In this talk, we will connect the corresponding optimization and sampling problems to the large time behaviour of solutions to (stochastic) differential equations. Establishing such a connection allows to utilise existing knowledge from the field of numerical analysis of differential equations. In particular, two very important concepts are numerical stability and numerical contractivity. In the case of linear differential equations these two concepts coincide, but with the exception of some very simple Runge-Kutta methods such the Euler method in the non-linear case numerical stability doesn’t imply numerical contractivity [1].

However, the recently introduced framework of integral quadratic constraints and Lyapunov functions [2, 3] allows for bridging this gap between linearity and non-linearity in the case of (strongly) convex functions. We will use this framework, to study a large class of strogly convex optimization methods and give an alternative explanation for the good properties of Nesterov method, as well as highlight the reasons behind the failure of the heavy ball method [2].

In addition, using similar ideas [4], we will present a general framework for the non-asymptotic study of the 2-Wasserstein distance between the invariant distribution of an ergodic stochastic differential equation and the distribution of its numerical approximation in the strongly log-concave case. This allows us to study in a unified way a number of different integrators proposed in the literature for the overdamped and underdamped Langevin dynamics. If times allows us we will also talk about the application of these ideas to imaging inverse problems [5, 6].

[1] J. M. Sanz Serna and K. C. Zygalakis, Contractivity of Runge–Kutta Methods for Convex Gradient Systems, SIAM Journal on Numerical Analysis 58(4):2079-2092, 2020.

[2] L. Lessard, B. Recht, and A. Packard, Analysis and design of optimization algorithms via integral quadratic constraints, SIAM Journal on Optimization, 26(1):57–95, 2016.

[3] M. Fazlyab, A. Ribeiro, M. Morari, and V. M. Preciado, Analysis of optimization algorithms via integral quadratic constraints: nonstrongly convex problems, SIAM Journal on Optimization, 28(3):2654–2689, 2018.

[4] J. M. Sanz Serna and K. C. Zygalakis, Wasserstein distance estimates for the distributions of numerical approximations to ergodic stochastic differential equations, Journal of Machine Learning Research, 22, 1--37, 2021

[5] Eftekhari, B. Vandereycken, G. Vilmart, and K C. Zygalakis, Explicit Stabilised Gradient Descent for Faster Strongly Convex Optimisation, BIT Numerical Mathematics 61:119–139, 2021.

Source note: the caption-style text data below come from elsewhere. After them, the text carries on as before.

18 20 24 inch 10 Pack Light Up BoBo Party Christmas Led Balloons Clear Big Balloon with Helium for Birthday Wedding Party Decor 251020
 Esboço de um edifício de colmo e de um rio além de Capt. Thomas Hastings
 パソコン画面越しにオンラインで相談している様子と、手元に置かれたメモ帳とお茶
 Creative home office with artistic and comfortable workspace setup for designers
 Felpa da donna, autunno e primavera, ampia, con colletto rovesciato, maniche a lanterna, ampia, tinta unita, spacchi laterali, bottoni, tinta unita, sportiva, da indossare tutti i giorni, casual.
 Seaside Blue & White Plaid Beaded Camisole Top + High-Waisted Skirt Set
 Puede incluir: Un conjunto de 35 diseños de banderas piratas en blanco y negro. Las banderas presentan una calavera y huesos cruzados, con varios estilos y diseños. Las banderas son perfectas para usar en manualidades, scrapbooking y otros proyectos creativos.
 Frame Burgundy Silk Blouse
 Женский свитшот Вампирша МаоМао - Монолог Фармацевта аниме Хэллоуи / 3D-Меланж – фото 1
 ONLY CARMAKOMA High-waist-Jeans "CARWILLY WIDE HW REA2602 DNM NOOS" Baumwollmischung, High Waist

[6] M. Pereyra, L. Vargas Mieles, and K. C. Zygalakis, Accelerating Proximal Markov Chain Monte Carlo by Using an Explicit Stabilized Method, SIAM Journal on Imaging Sciences 13(2):905-935, 2020.

Maximum Conditional Entropy Hamiltonian Monte Carlo Sampler

Jinglai Li

The performance of Hamiltonian Monte Carlo (HMC) sampler depends critically on some algorithm parameters such as the total integration time and the numerical integration stepsize. The parameter tuning is particularly challenging when the mass matrix of the HMC sampler is adapted. We propose in this work a Kolmogorov-Sinai entropy (KSE) based design criterion to optimize these algorithm parameters, which can avoid some potential issues in the often used jumping-distance based measures. For near-Gaussian distributions, we are able to derive the optimal algorithm parameters with respect to the KSE criterion analytically. As a byproduct the KSE criterion also provides a theoretical justification for the need to adapt the mass matrix in HMC sampler. Based on the results, we propose an adaptive HMC algorithm, and we then demonstrate the performance of the proposed algorithm with numerical examples.